**Work to be completed:**
From first line to last, copy the listing exactly and omit its pictures.

**Data below:**
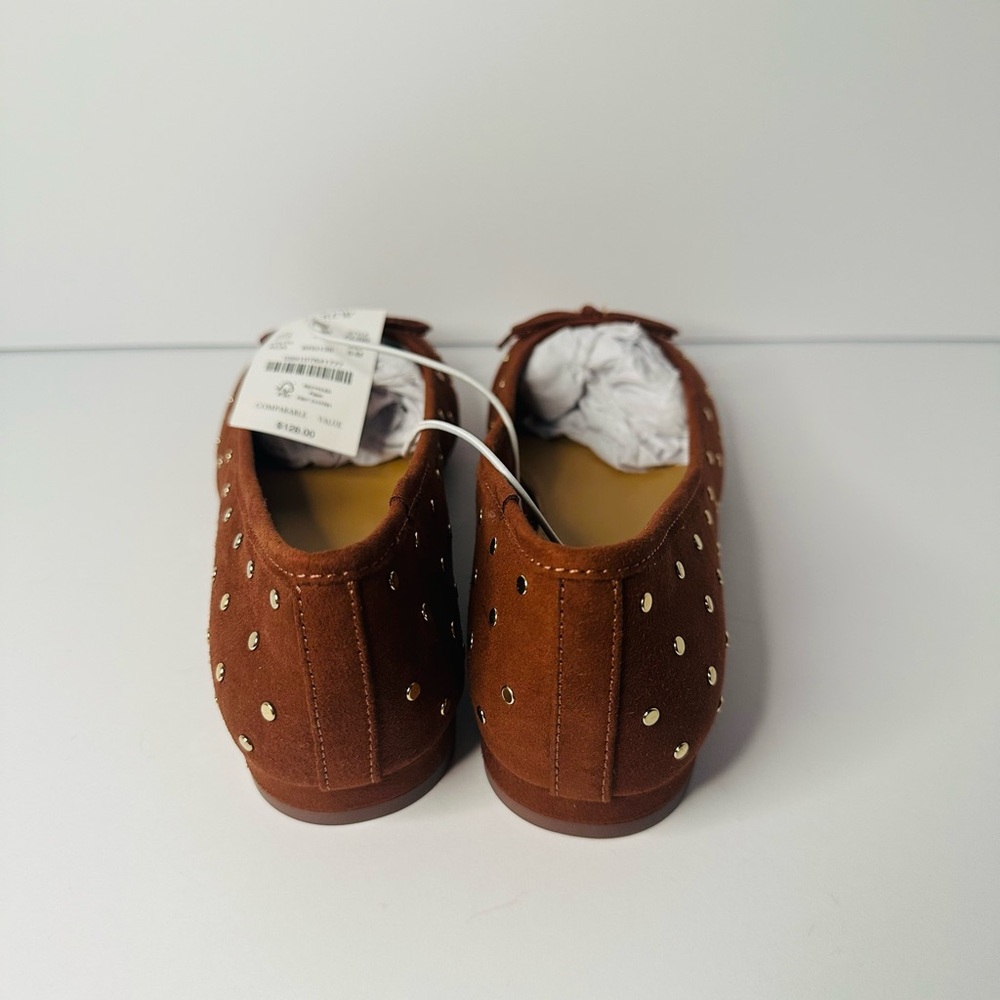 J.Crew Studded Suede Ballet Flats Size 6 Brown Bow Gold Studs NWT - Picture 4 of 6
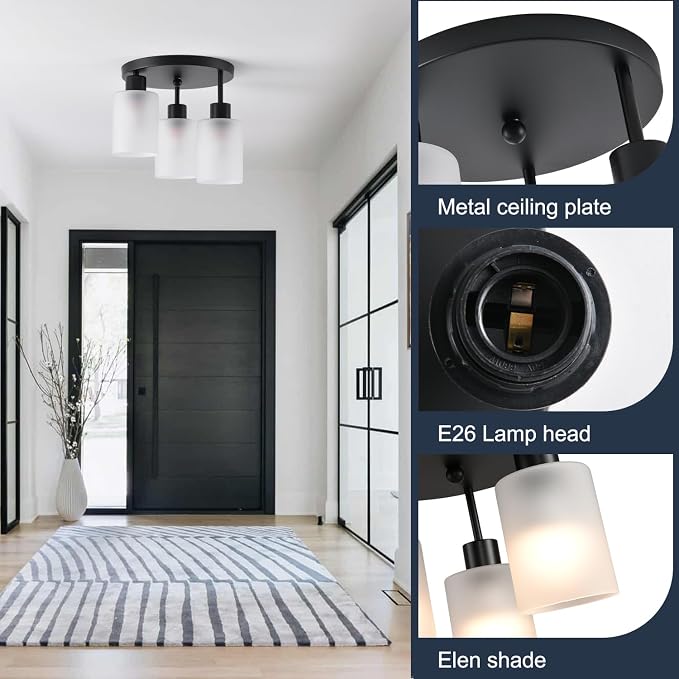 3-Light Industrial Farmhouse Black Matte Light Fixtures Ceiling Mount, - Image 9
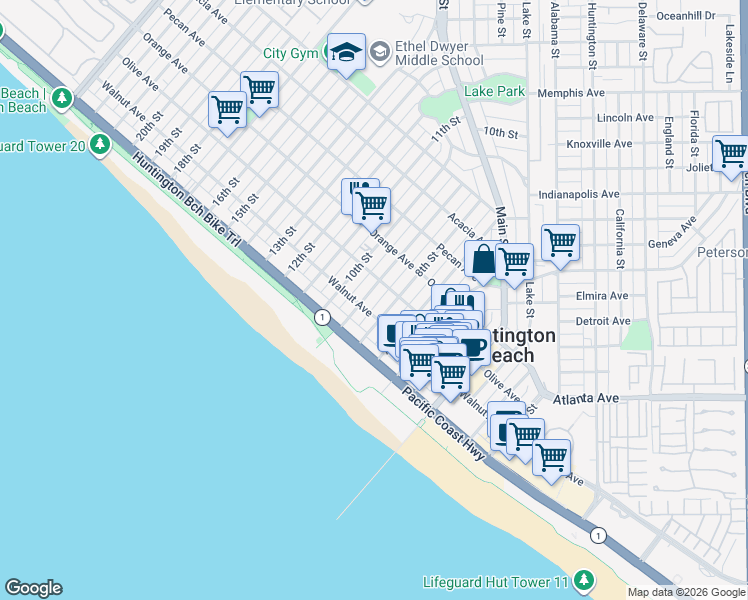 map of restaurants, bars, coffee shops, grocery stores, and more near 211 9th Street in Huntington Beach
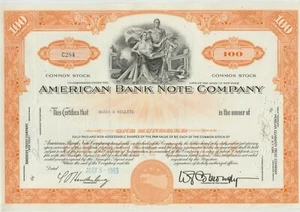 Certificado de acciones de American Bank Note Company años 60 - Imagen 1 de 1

**Answer to this exercise:**
 J.Crew Studded Suede Ballet Flats Size 6 Brown Bow Gold Studs NWT - Picture 4 of 6
 3-Light Industrial Farmhouse Black Matte Light Fixtures Ceiling Mount, - Image 9
 map of restaurants, bars, coffee shops, grocery stores, and more near 211 9th Street in Huntington Beach
 Certificado de acciones de American Bank Note Company años 60 - Imagen 1 de 1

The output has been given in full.